Either the mean or the ratio approach could be used to estimate food and nutrient density (see Freedman, L., P. Guenther, S. Krebs-Smith, and P. Kott, "A Population’s Mean Healthy Eating Index—2005 Scores Are Best Estimated by the Score of the Population Ratio when One 24-Hour Recall is Available," The Journal of Nutrition 138(9): 1725-29, 2008). ERS used the ratio approach for these estimates. For example, to estimate calcium density at home, ERS first calculated the weighted sum of total calories and total calcium at home, and then took the ratio of the two sums to represent the calcium density for at-home food. The mean and ratio approaches often yield similar results, although they may sometimes produce different (but equally valid) results (see Krebs-Smith, S.M., P.S. Kott, and P.M. Guenther, "Mean Proportion and Population Proportion: Two Answers to the Same Question?" Journal of the American Dietetic Association 89(5): 671–76, 1989). Because certain foods and beverages, such as tap water and diet beverages, have no calories but contain certain amounts of other nutrients (such as sodium or calcium), the ratio approach eliminates the occurrence of outliers that were generated by the mean approach.

Nutrient intake estimates

Studies have shown that Americans tend to over-consume fats, sodium, and cholesterol but under-consume calcium, fiber, and iron. Using USDA's nutrient database, food consumption data in NHANES were converted to nutrient consumption data. Average (mean) daily intakes of these nutrients for the total U.S. population, children age 2-19, adults age 20 and older, lower-income individuals, and higher-income individuals are reported by food source in nutrient table 1. Nutrient intake can be expressed in terms of density by the ratio of nutrient intake to calorie intake; the result can then be compared with the dietary recommendations.

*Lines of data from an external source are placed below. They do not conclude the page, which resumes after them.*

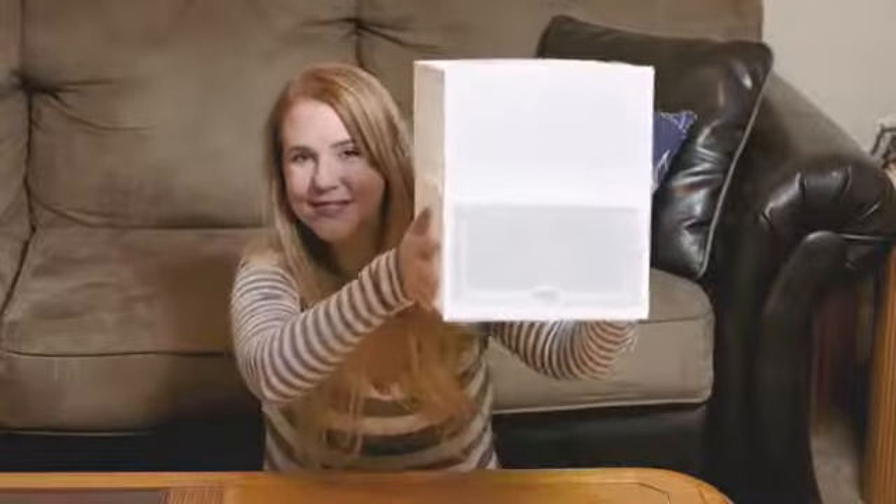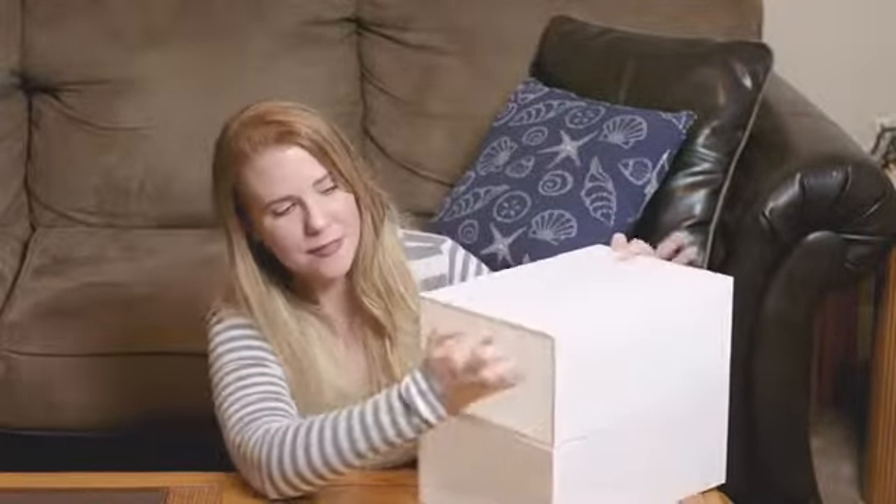The Stackable Shoe Storage Box fits all types of shoes, and is also great for toys, makeup, and crafts. So turn those cluttered spaces into organized spaces with the Stackable Shoe Storage Box, only from Ireland.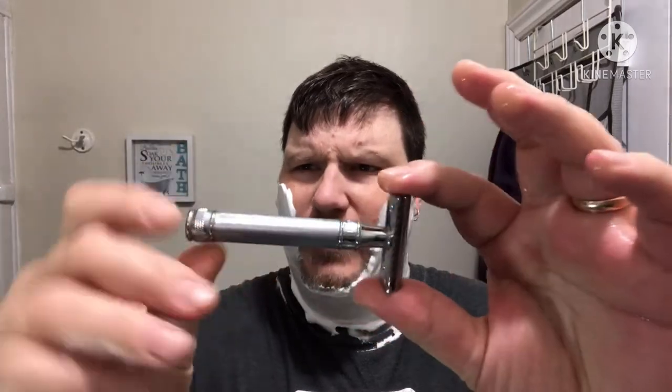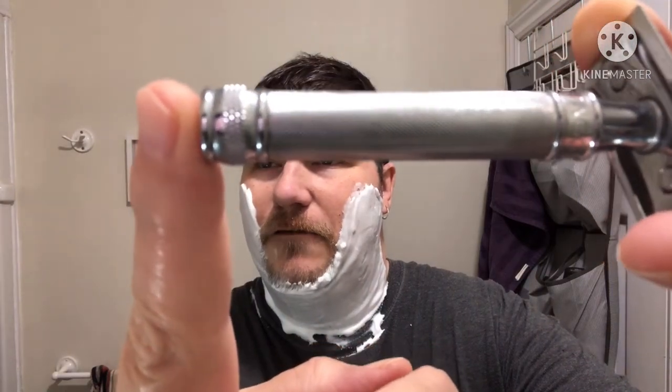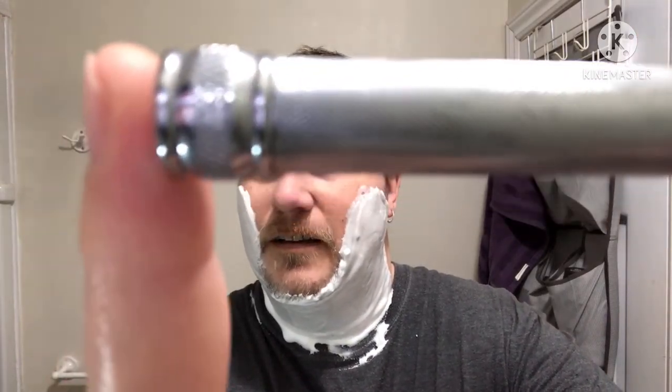The razor for today is going to be the Edwin Jagger DE89 Barley Handle. Beautiful, intricate knurling on these razors — made in Sheffield, England. There's a Wizzamette on its third use, just under 24 hours of growth. The reason I'm going with this is I used Mitchell's Wool Fat last night with this razor on two days' growth, and I got such an incredible shave with this razor. I just want to see if I can recreate that shave and get two shaves in a row being that good.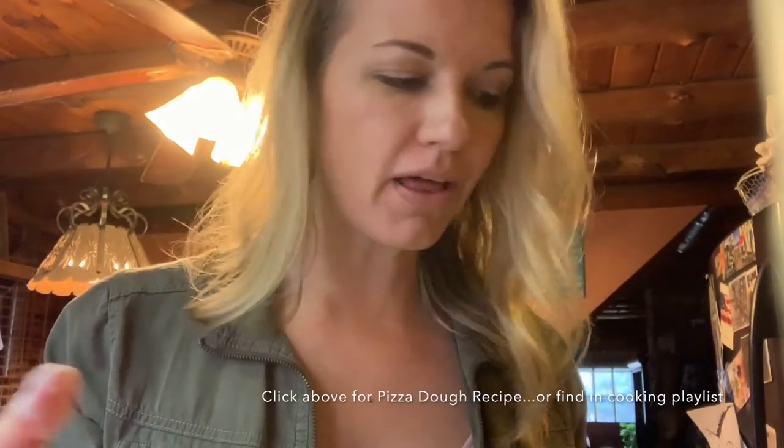Anyway, I'm gonna try it too. She used store-bought pizza dough, but I don't even have any, so I'm gonna have to make some up right now and then we're gonna see what happens. It really can't be bad. Convenient of convenient is the fact that I already have a pizza dough recipe on here and on my blog.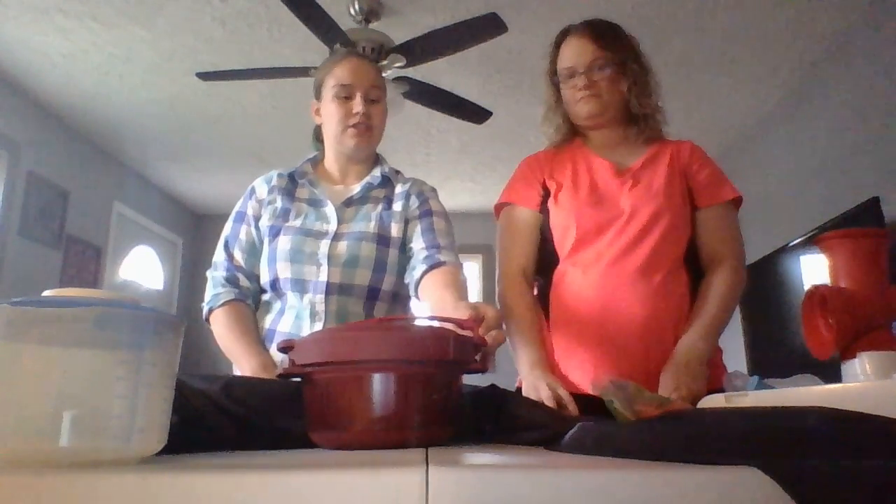Anything else to add to that? When it is done in the microwave, do not press the little pressure thing down. I know you want to let that steam out, but it's still cooking while that is up. So we'll go put this in the microwave for 30 minutes and we'll be back with the finished product.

Mean nutrient intakes are reported by food source in nutrient table 1 and by nutrient density in table 2, providing insight about sources of over- and under-consumption of various nutrients. For example, foods rich in calcium are essential for children's development. According to nutrient table 2, the mean calcium intake for children age 2-19 is 543 milligrams per 1,000 calories. Calcium intake by source shows that, for each 1,000 calories, children consume 568 milligrams of calcium at home, lower than the amount consumed at school (709 milligrams) but higher than the amount consumed at restaurants (410 milligrams) and fast food places (403 milligrams). The increased popularity of eating away from home—at restaurants and fast food places—is associated with a deficiency in calcium intake.